### RECORDS:
☆ ☆ ☆

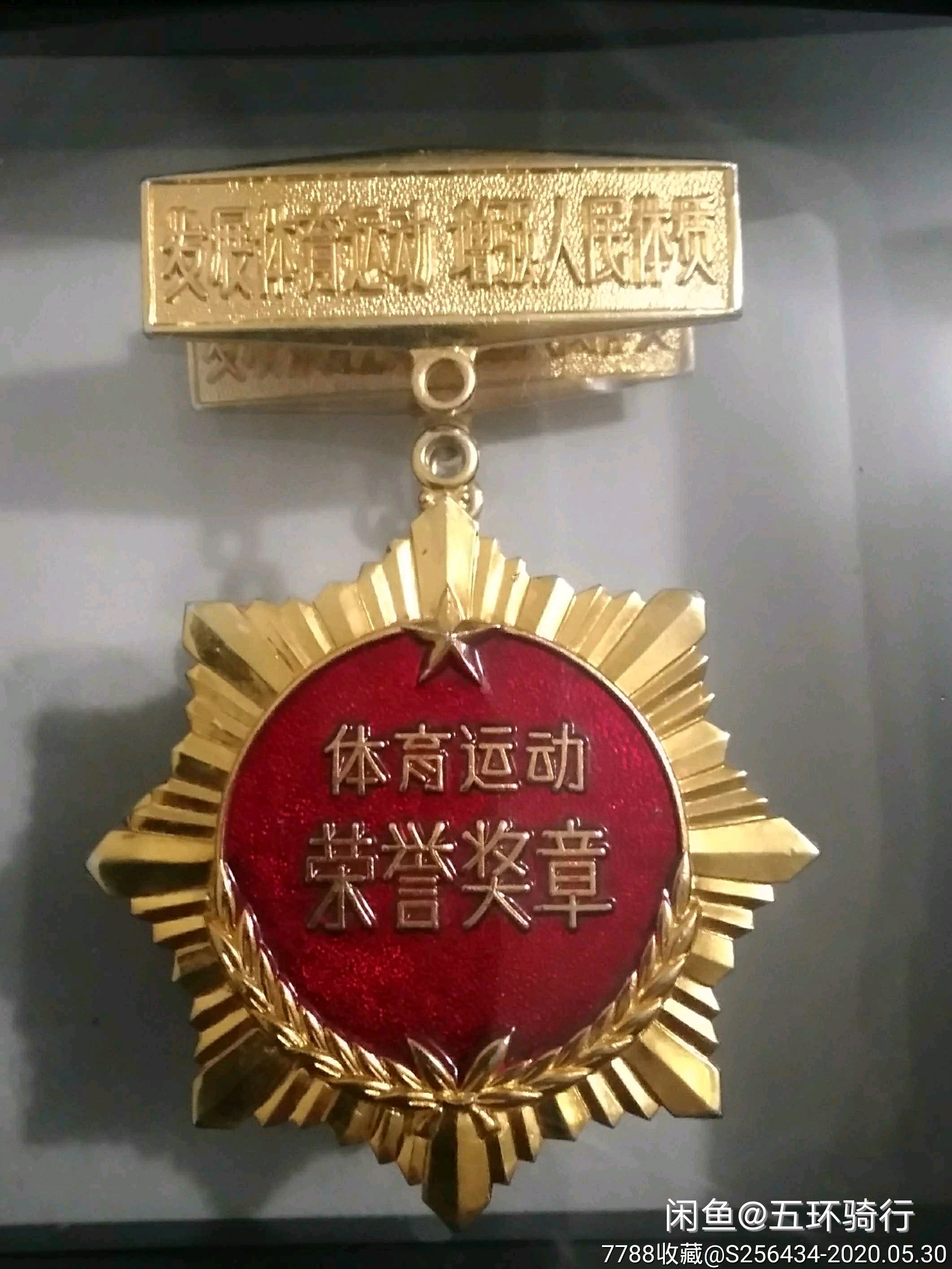 早期国家颁发给世界冠军运动健将的体育荣誉奖章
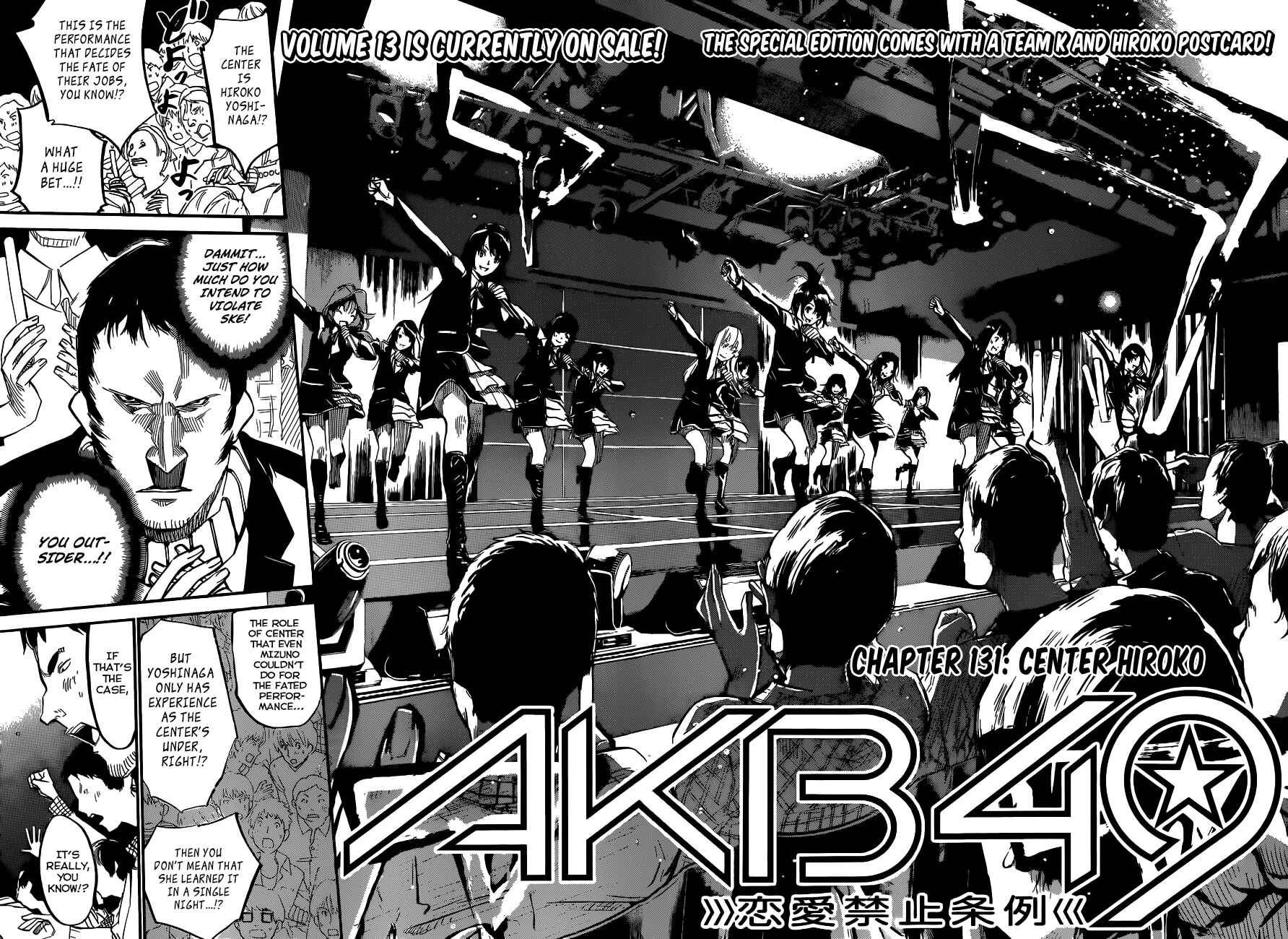 Page 8 Chapter 131 AKB49: Renai Kinshi Jourei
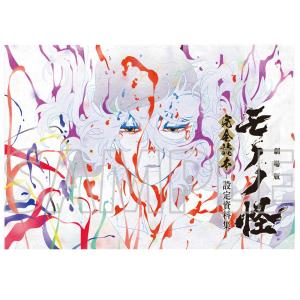 [本/雑誌]/モノノ怪 完全読本 -設定資料集-/ムービック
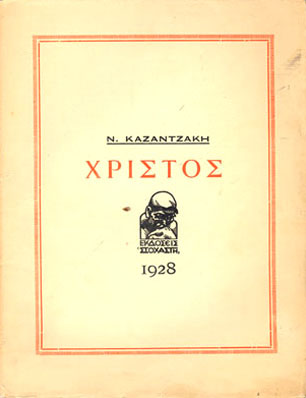 xristos1928a.jpg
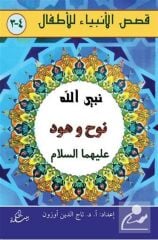 Nuh ve Hud Aleyhisselam (Arapça-Türkçe)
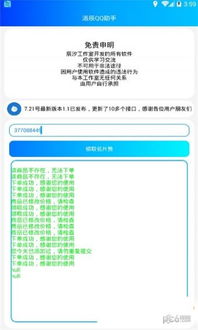 洛辰QQ助手下载 洛辰QQ助手 安卓版v1.1 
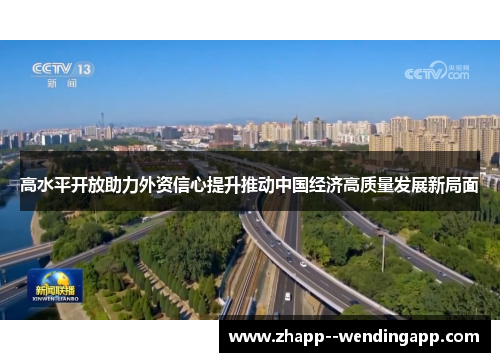 高水平开放助力外资信心提升推动中国经济高质量发展新局面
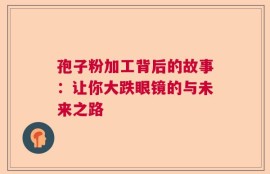孢子粉加工背后的故事：让你大跌眼镜的与未来之路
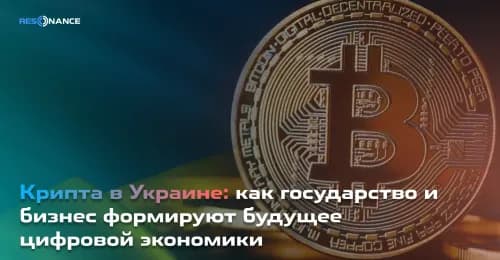 Крипта в Украине: как государство и бизнес формируют будущее цифровой экономики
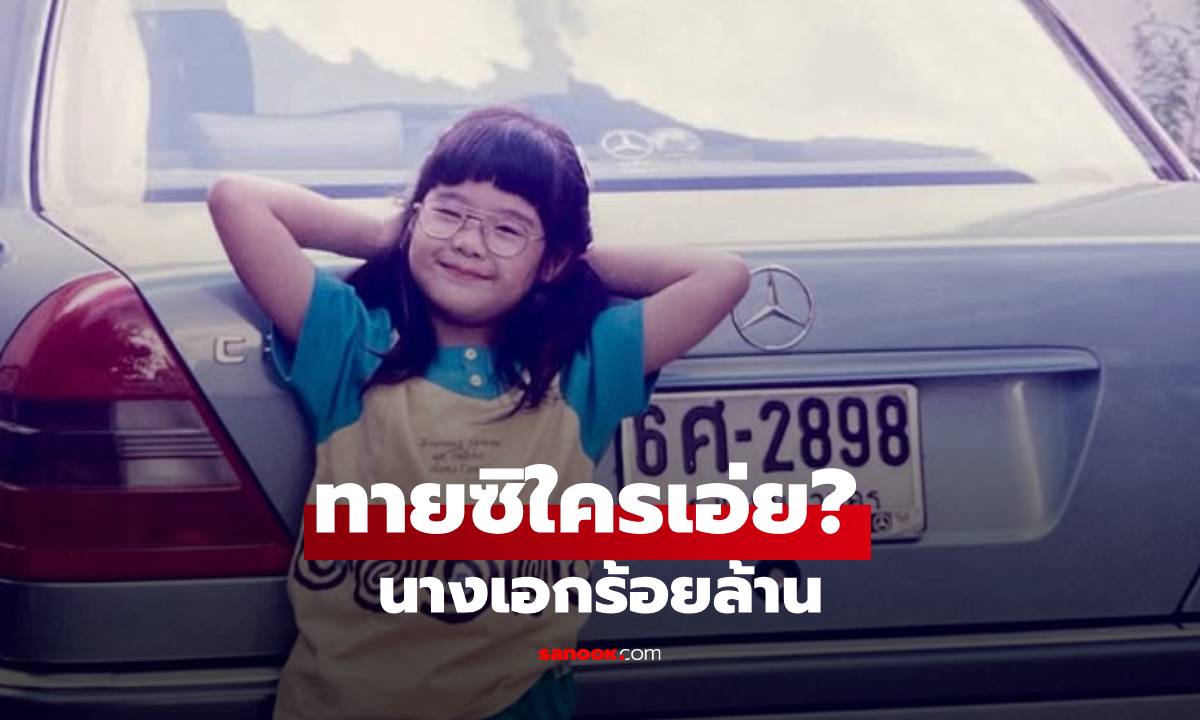 ทายซิใครเอ่ย? ภาพของนางเอกร้อยล้าน น่ารักตั้งแต่เด็ก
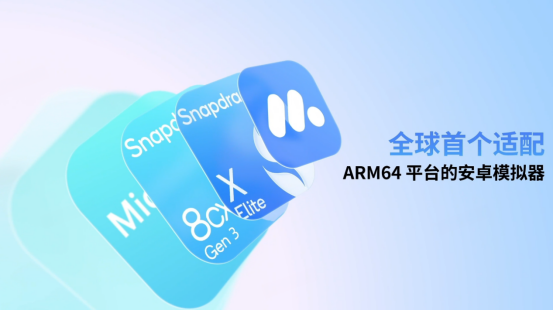 MuMu模拟器5.0版本正式发布，首个全平台覆盖的安卓模拟器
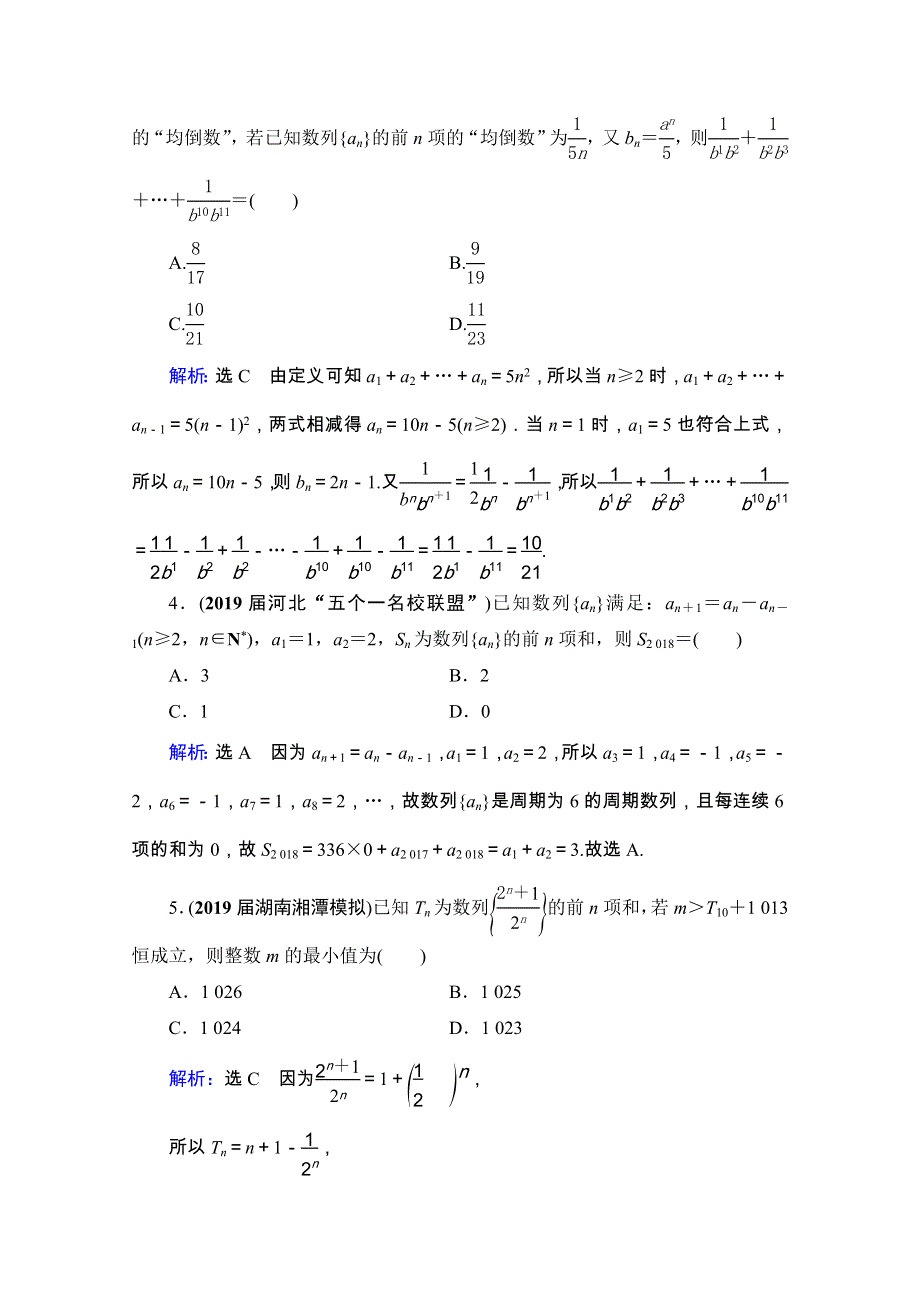 2021版文科数学全国通用版备战一轮复习课时跟踪检测：第6章　第4节　数列求和 WORD版含解析.doc_第2页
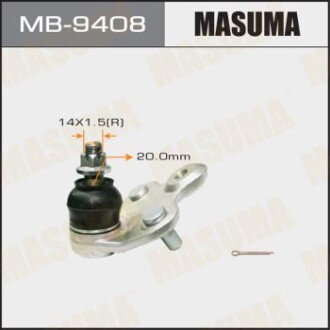 Опора шаровая передн нижн TOYOTA COROLLA (MB-9408) masuma mb9408 (фото 1)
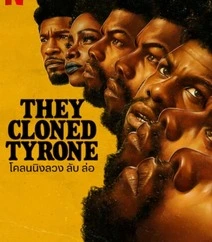 ดูหนังออนไลน์ฟรี They Cloned Tyrone โคลนนิงลวง ลับ ล่อ (2023)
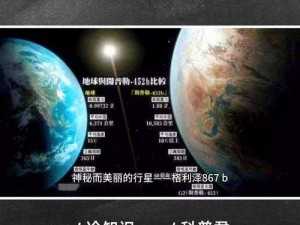 经典模式探秘：狂星之怒是否存在？宇宙深处的奥秘揭晓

☆ ☆ ☆

### YOUR GOAL:
Give the complete material again, exactly as written. Do not include the pictures.

### SOLUTION FOR THIS PROBLEM:
 早期国家颁发给世界冠军运动健将的体育荣誉奖章
 Page 8 Chapter 131 AKB49: Renai Kinshi Jourei
 [本/雑誌]/モノノ怪 完全読本 -設定資料集-/ムービック
 xristos1928a.jpg
 Nuh ve Hud Aleyhisselam (Arapça-Türkçe)
 洛辰QQ助手下载 洛辰QQ助手 安卓版v1.1 
 高水平开放助力外资信心提升推动中国经济高质量发展新局面
孢子粉加工背后的故事：让你大跌眼镜的与未来之路
 Крипта в Украине: как государство и бизнес формируют будущее цифровой экономики
 ทายซิใครเอ่ย? ภาพของนางเอกร้อยล้าน น่ารักตั้งแต่เด็ก
 MuMu模拟器5.0版本正式发布，首个全平台覆盖的安卓模拟器
 2021版文科数学全国通用版备战一轮复习课时跟踪检测：第6章　第4节　数列求和 WORD版含解析.doc_第2页
 Опора шаровая передн нижн TOYOTA COROLLA (MB-9408) masuma mb9408 (фото 1)
 ดูหนังออนไลน์ฟรี They Cloned Tyrone โคลนนิงลวง ลับ ล่อ (2023)
 经典模式探秘：狂星之怒是否存在？宇宙深处的奥秘揭晓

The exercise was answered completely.